Kate Moss is opening up about her traumatic experiences as an underage model.
The British ’90s supermodel is known for her young start in the industry after she was scouted by a modeling agency at 15. However, what followed were uncomfortable and violating experiences that she has been discussing over the last few years. The now 50-year-old model explained on the podcast “Fashion Neurosis with Bella Freud” that she felt a sense of insecurity during a photo shoot for The Face magazine at age 15.

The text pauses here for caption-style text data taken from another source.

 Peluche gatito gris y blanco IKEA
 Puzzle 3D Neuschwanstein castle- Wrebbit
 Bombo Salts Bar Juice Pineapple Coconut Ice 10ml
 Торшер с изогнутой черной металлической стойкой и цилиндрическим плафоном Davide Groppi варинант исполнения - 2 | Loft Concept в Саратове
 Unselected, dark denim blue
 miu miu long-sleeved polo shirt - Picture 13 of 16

“At a very young age, I started working, and I started doing pictures topless. And I was very, very conscious of a mole I have on my right tit. I hated it so much, I would cry,” she said. “I still, even after that shoot, I did cry a lot about taking my clothes off. I really didn’t want to do it.

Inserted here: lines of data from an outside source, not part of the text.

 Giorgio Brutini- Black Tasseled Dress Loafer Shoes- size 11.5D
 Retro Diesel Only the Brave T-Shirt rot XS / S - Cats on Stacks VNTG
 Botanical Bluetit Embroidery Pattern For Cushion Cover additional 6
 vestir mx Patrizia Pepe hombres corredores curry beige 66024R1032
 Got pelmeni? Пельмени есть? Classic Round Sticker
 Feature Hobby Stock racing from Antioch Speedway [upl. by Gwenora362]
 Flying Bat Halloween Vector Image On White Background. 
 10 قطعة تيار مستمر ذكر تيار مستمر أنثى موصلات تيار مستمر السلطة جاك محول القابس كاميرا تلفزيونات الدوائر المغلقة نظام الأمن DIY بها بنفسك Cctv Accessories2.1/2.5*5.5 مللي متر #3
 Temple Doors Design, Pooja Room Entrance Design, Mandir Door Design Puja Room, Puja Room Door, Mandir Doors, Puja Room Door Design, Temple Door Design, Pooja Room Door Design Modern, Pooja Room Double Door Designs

“I was 15 and topless in a magazine, and I was still in school. Luckily, The Face wasn’t sold in Croydon, so I don’t think anyone really saw it, but they heard about it,” she said.

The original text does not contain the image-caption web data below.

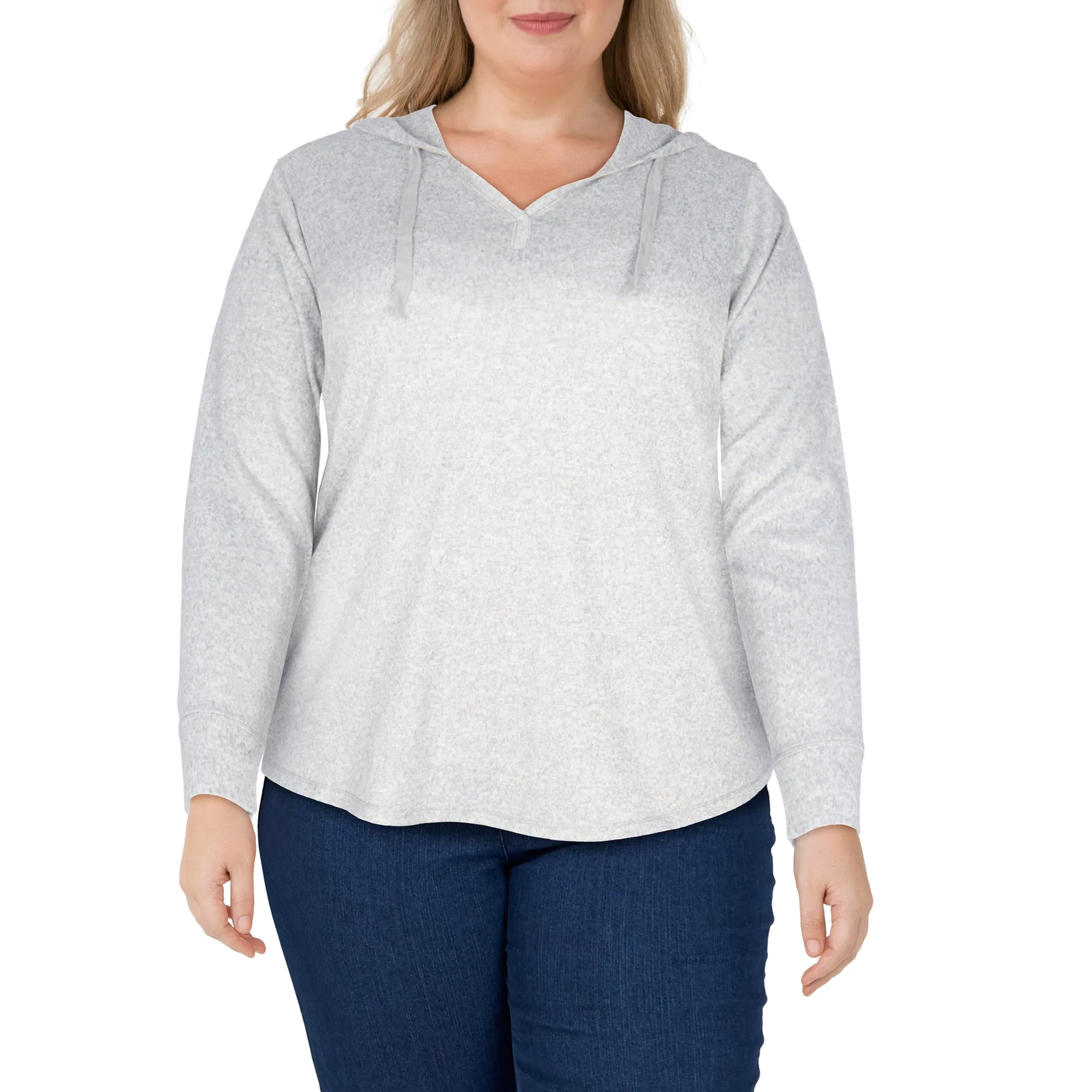 Women's Plus Hooded Snit Top sold by Giant Tiger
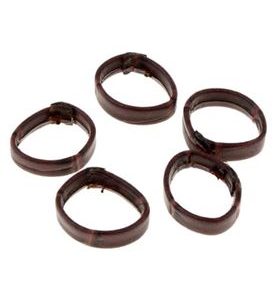 DARK BROWN LEATHER EYELET 20 MM (1PC) - STRAPS - ACCESSORIES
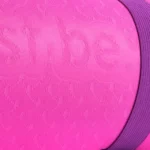 just be... Yoga mat Non Slip Exercise Mattress 5mm thick Eco friendly TPE material 183cm long 61cm wide 2-Tone colour with Carry Strap Pro Beginner Bikram Gym Home Fitness - Pink/Purple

“I never wanted to be topless; I would cry. And I had to get over it because the photographer was like, ‘If you don’t do this, I’m not gonna book you for the next job,’” she continued. “So, I had to get over it.”
“As a model, you can’t be very self-conscious because your body’s kind of not your own when you’re a vessel for somebody else’s imagination,” she added.
This isn’t the first time Moss revealed that a modeling photo shoot left a stain on her overall experience. Moss described her experience with the iconic 1992 Calvin Klein underwear ad with actor Mark Wahlberg as objectifying. The model was only 18 when she had to go nude. She told the BBC in 2022 that she felt “vulnerable and scared . . . I think they played on my vulnerability.”